The primary movers are glutes, hams and quads.


----------



## pebble (Oct 22, 2011)

physics.  Where is the fulcrum?  Hips.  

It is a posterior chain movement with the primary movers being hamstring  and glutes. The quads do help with the first phase of the lift (which is why some people -dos Remodiso -consider it to be a knee dominate movement) but the movement is still focused on driving the hips forward.  Everything else is stabilizing the load via the limbs and  torso (where the back comes into play). This exercise should be on leg  day.  It is not as if you do barbell bench press on "shoulder" day  despite that fact that a majority of pressers in the gym get more  stimulus at the anterior delts than pecs.  

This is one of the major problems of splitting the body up into many  parts instead of movement patterns.  We start to work against our  natural (and optimal) neuromuscular/biomechanical patterns.


----------



## theCaptn' (Oct 22, 2011)

You recommend squats and deads on the same day?


----------



## Cork (Oct 23, 2011)

To jump in on the thread here, the OP works out legs twice a week.  His situation is ideal for utilizing squats on one day and deads on the other.

And yes, IMO, it's okay to squat and dead in one session.  Why wouldn't it be?


----------



## dsc123 (Oct 23, 2011)

Yes Deadlifts, if done correctly mainly hit the hamstrings, glutes and quads. but it also works lower back, abs, shoulders and chest...i personally do stifflegged deads on back and leg day.


----------



## GMO (Oct 23, 2011)

Traditional Deads - Back day

Straight-legged Deads - Leg day

That's how I roll anyway...


----------



## Ted Shred (Oct 23, 2011)

Even though there's differing opinions, and maybe even because of it, this is all good info - thanks.  From all this, and given my current routine, I think what I'm going to do, well... once I get my DL form down and can start crankin' the intensity, is cut back my squats to once/week and do DL's on the following leg day followed by leg press instead of squats.  So Wed. legs will be squats and Sunday will be DLs/ L. Press.
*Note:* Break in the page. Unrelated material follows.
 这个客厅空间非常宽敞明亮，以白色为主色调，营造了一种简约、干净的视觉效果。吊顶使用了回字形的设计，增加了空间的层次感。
I have some form issues to work on (I do the traditional DLs and gotta keep my damn back straight!) but man I'm lovin' the whole DL thing.  It just feels so freakin' athletic!  The stance, the grip... I dunno even know how to quite explain it.  What really struck me yesterday (first time ever doing DLs, mind you) was how, even though I wasn't maxing out during sets so wasn't really in any kind of distress (the good kind) like I strive for with my last few reps of a squat set, after each DL set it was like my whole body was taxed. I wasn't expecting that, considering I was more just getting used to the movement than anything else.  I have a feeling that once I can do these things properly they're going to be a cornerstone of my workout on par with squats.
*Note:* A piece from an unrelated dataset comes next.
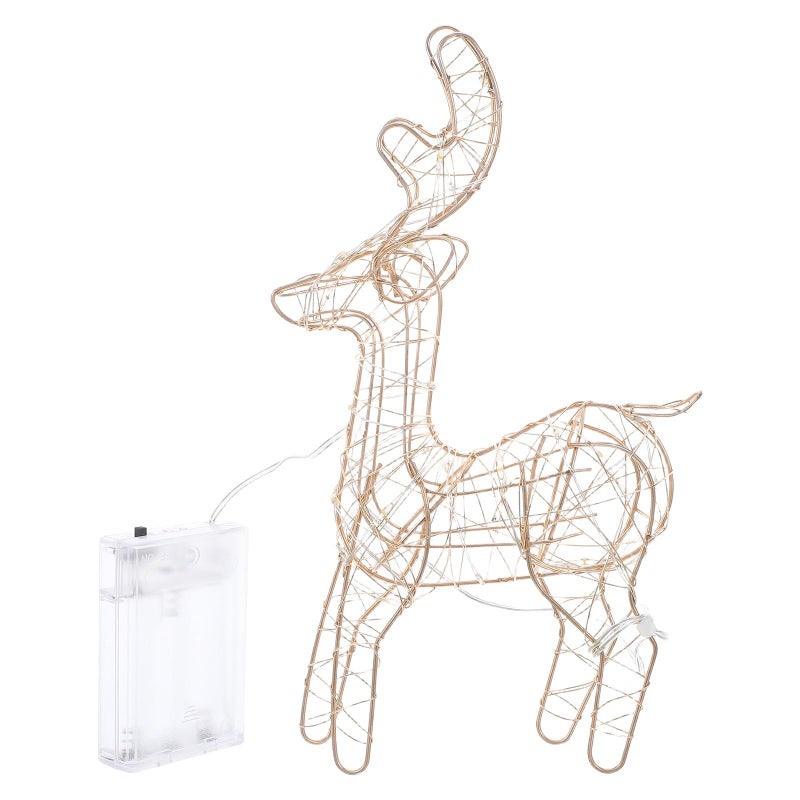 Golden Reindeer Night Light Christmas Decor Glowing Elk Statue Holiday Decoration For Bedroom Office - Image 2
edit: actually, cuzza my bad DL form yesterday, I think I might substitute leg press for squats this afternoon.... it's nothin' major but I'm definitely feeling it in my lower back this morning.


----------



## Gazhole (Oct 23, 2011)

MDR said:


> I don't like squatting and deadlifting on the same day, so I just have a squat day and a deadlift day.  People will debate all day when deadlift fits.  Personally, I think it deserves it's own day.



This. Deadlifts deserve their own day.


----------



## squigader (Oct 23, 2011)

Give it it's own day. It screws with your other lifts too much to do it on the same day as anything else. I've started doing deadlifts and grip on the same day.


----------



## PappyMason (Oct 23, 2011)

^agree

i've tried it with back days and i've seen better gains in strength and mass once i've gave deadlifts their own day. but hey thats just me


----------



## HH25 (Oct 23, 2011)

I agree give it its own day...........


----------



## Cork (Oct 24, 2011)

You guys go in to the gym and just do 1 lift? I thought I was an efficient lifter, but I'd be feeling like I'm wasting my time only doing 1 exercise, even if it is deads.
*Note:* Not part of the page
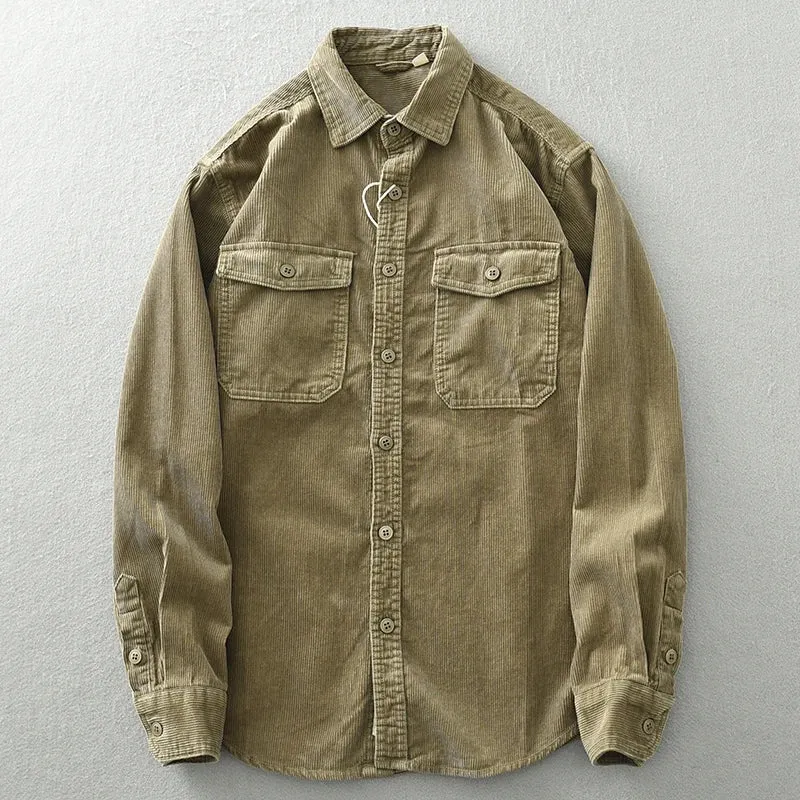 Men's Corduroy Cargo Shirt-Coat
And to the OP, since you're new to deads, you'll be seeing a lot of carryover in to your other lifts. I feel like when your body gets accustomed to lifting a lot of weight straight off ground, it gets used to lifting heavy weight in all other motions. You'll be setting a lot of PRs soon.


----------



## HeavyBomber (Oct 24, 2011)

Regarding when to do deadlifts...
Sure you could do them on their own day, but when is that day? Two days after squats? Three days? Four days, but then when do you do squats again?
The same questions apply if you do them with back.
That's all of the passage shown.